È vero che sarà possibile acquistare i biglietti per visitare musei e monumenti all’interno dell’applicazione?

[Valerio] Sì, esatto. Come dicevo prima, noi cavalchiamo quel trend di mercato. Con il turismo esperienziale si intende tour e attività inerenti a luoghi di interesse e monumenti e l’intelligenza artificiale che è alla base di Monugram suggerisce l’esperienza, specifica, per ogni singolo utente. Banalmente partiamo dal suggerire il biglietto d’ingresso ad un determinato luogo che viene riconosciuto dall’app, per poi proporre esperienze accessorie. Il mercato in questo senso è esploso, ma nessuno riesce a personalizzare i contenuti ed è quello che cerchiamo di fare noi. La startup, in generale, intercetta un bisogno latente, che ancora deve esplodere del tutto, e trovare la soluzione oggi per offrirla nel momento in cui quel bisogno esploderà. Ed è quello che fa Monugram, in un’applicazione mobile che è quello che cerca l’utente.

[Roberto] Per gli amanti dei musei è interessante anche il concetto di “salta fila”. Io sono davanti ad un monumento, non so cosa sia, faccio una foto e di conseguenza posso decidere se visitarlo o meno. Nei musei è diventato pressoché obbligatorio fare la prenotazione online.
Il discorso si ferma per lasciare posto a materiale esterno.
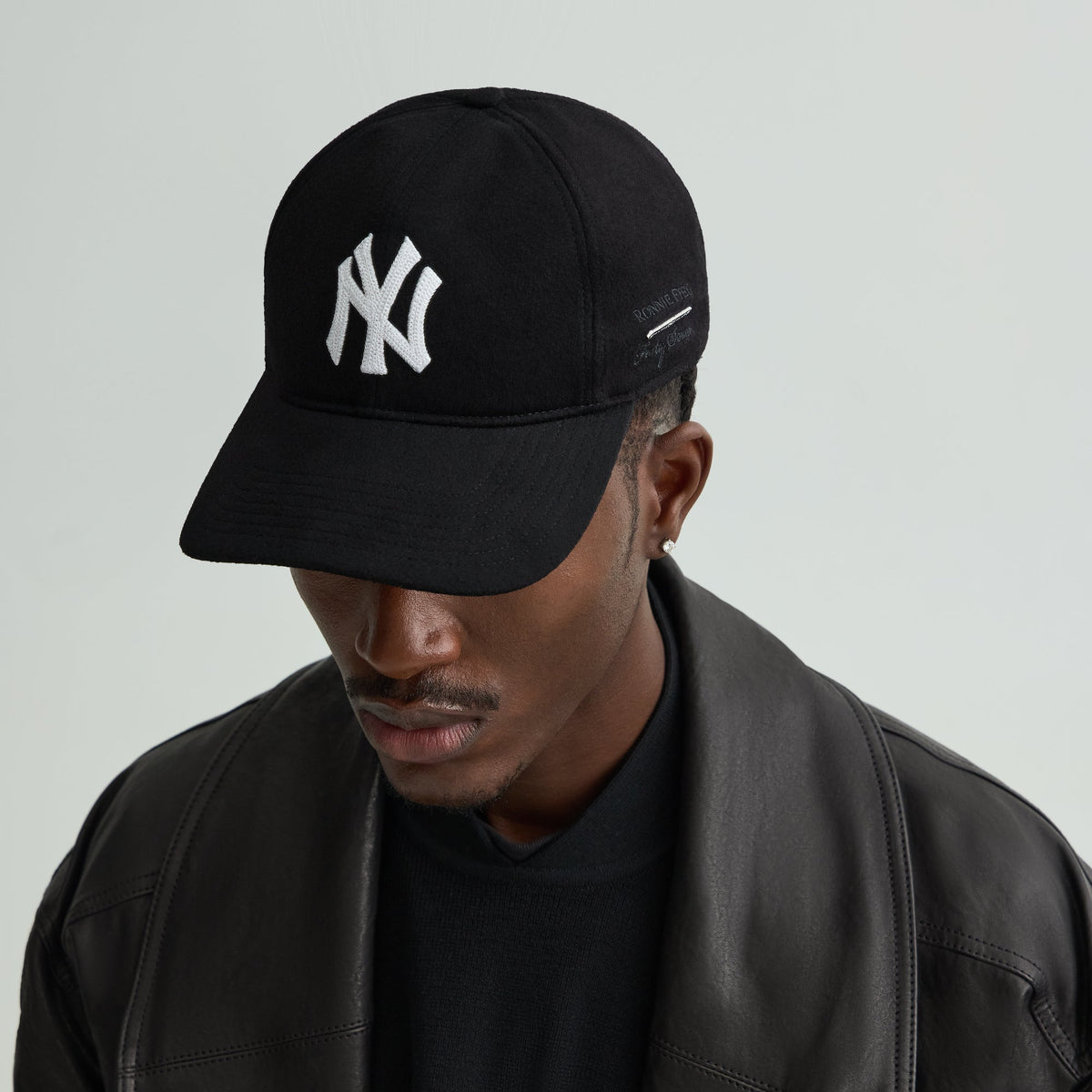 Model wearing the Giorgio Armani & Ronnie Fieg for '47 black wool fitted cap with NY logo, paired with a black leather jacket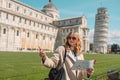 Young happy girl with toristic map on travel to Pisa. Tourist traveling visiting The Leaning Tower of Pisa. Royalty Free Stock Photo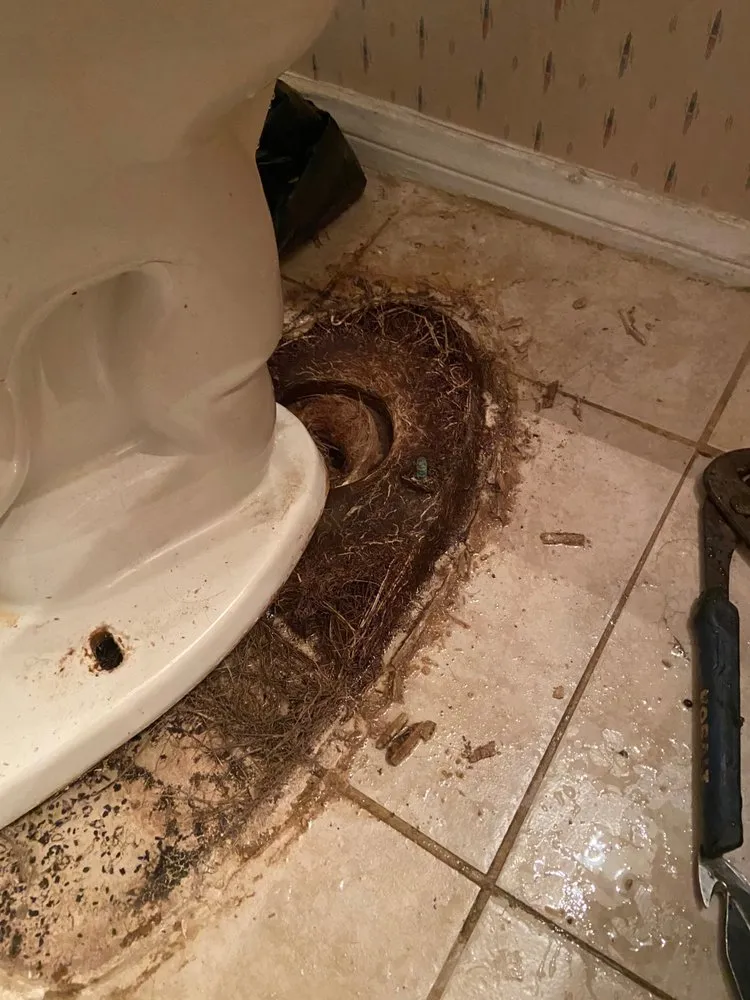 Slide of AJ’s Sewer & Drain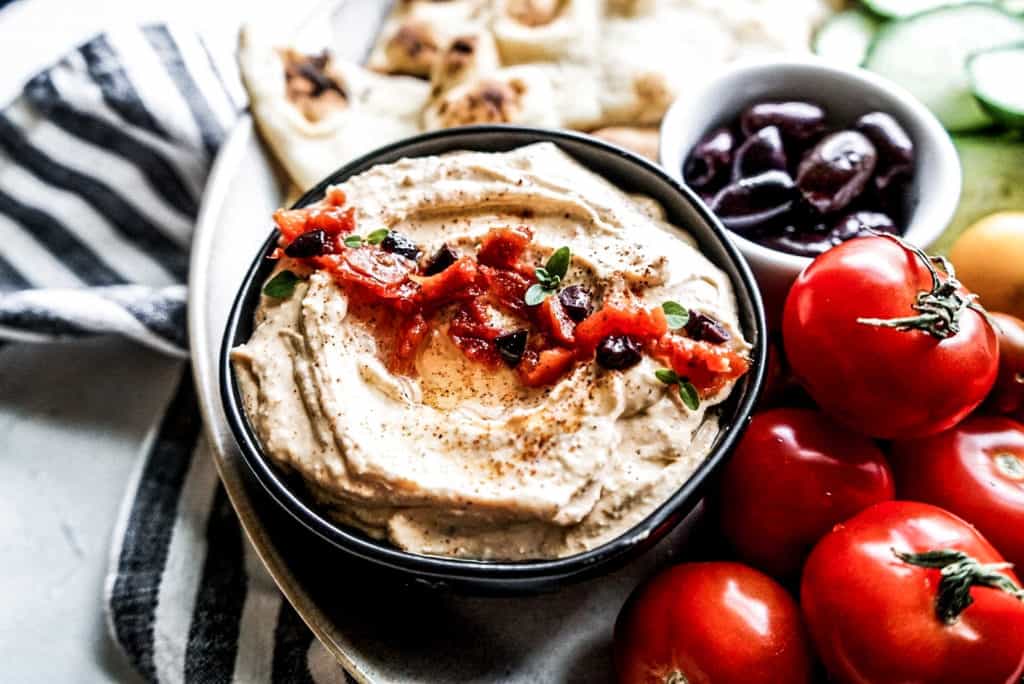 overhead shot of sundried tomato dip in a small bowl on a large platter with fresh tomatoes, cucumbers, and pita bread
Come vedete il vostro futuro? E quali sono i vostri progetti?

[Valerio] Per chi fa quello che facciamo noi, il futuro è un grande punto di domanda. Possiamo parlare di quello che vorremmo fosse il nostro futuro, ed è quello di iniziare la scalata al livello globale e iniziare a fare numeri seri. C’è un problema grande nel sistema delle startup italiano, ovvero che se vuoi fare tanti numeri hai bisogno di cambiare ecosistema, quindi andare nel mondo USA. Lì è sicuro che se hai tutte le carte in regola per poter fare numeri importanti, li farai. Il prodotto non sarà mai finito, dovrà essere ottimizzato, cambiato e riportato sui cambiamenti di mercato. Tutto è molto dinamico, bisogna sempre essere sul binario.

Quando ci sarà il lancio dell’applicazione?

[Valerio] Noi siamo pronti per la fase di test. È un passaggio obbligatorio, alla fine dei test di usabilità ci sarà il lancio. Nello specifico noi internamente, come hai visto, usiamo l’app. Non bisogna bruciarsi in questa fase, dobbiamo vedere se il flusso di utilizzo che abbiamo pensato sia agevole per quello che sarà il vero utilizzatore.

[Roberto] Monugram è già disponibile all’interno degli store, in una versione beta. Quindi è già possibile utilizzarla!

Ringraziamo tantissimo Valerio, Roberto e tutto il Team di Monugram per questa intervista e gli auguriamo un percorso ricco di successi. Monugram è già disponibile all’interno dell’App Store!